WHAT IS NEEDED
When the line containing "MOONIE 2.0 garsus" is found in the data below, copy it and each line after it through the line containing "2012 Honda Odyssey ex", exactly and with no others.

MATERIAL PROVIDED
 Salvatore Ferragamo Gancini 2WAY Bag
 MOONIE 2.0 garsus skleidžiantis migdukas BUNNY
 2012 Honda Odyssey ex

==

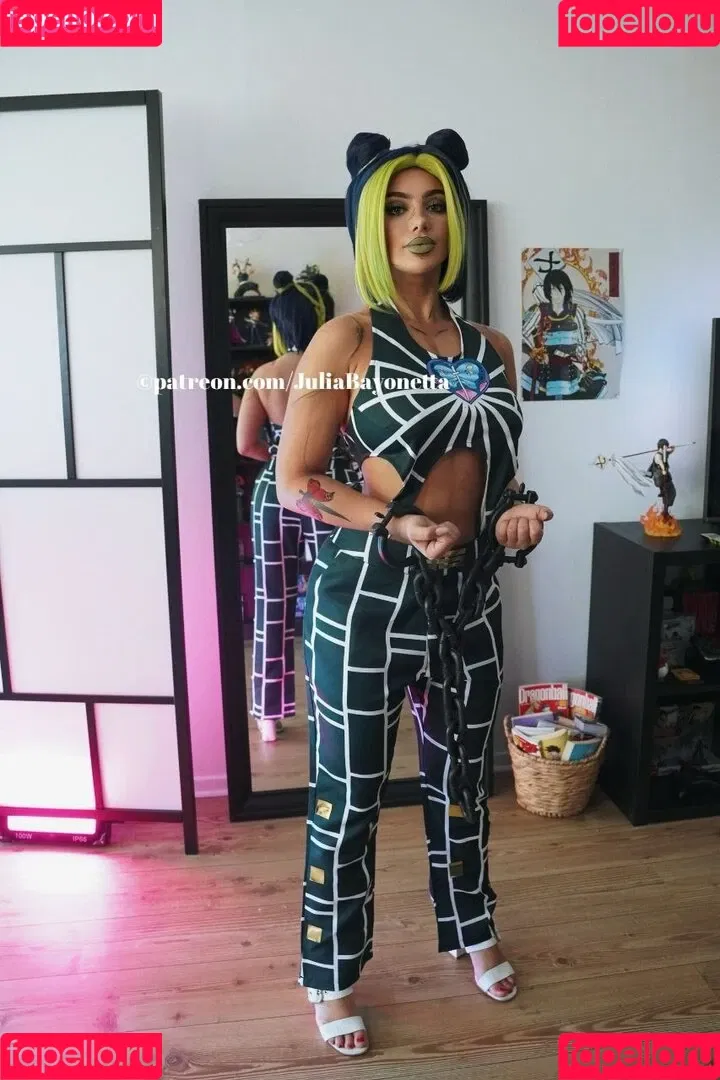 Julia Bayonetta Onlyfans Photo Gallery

ANSWER BOX
 MOONIE 2.0 garsus skleidžiantis migdukas BUNNY
 2012 Honda Odyssey ex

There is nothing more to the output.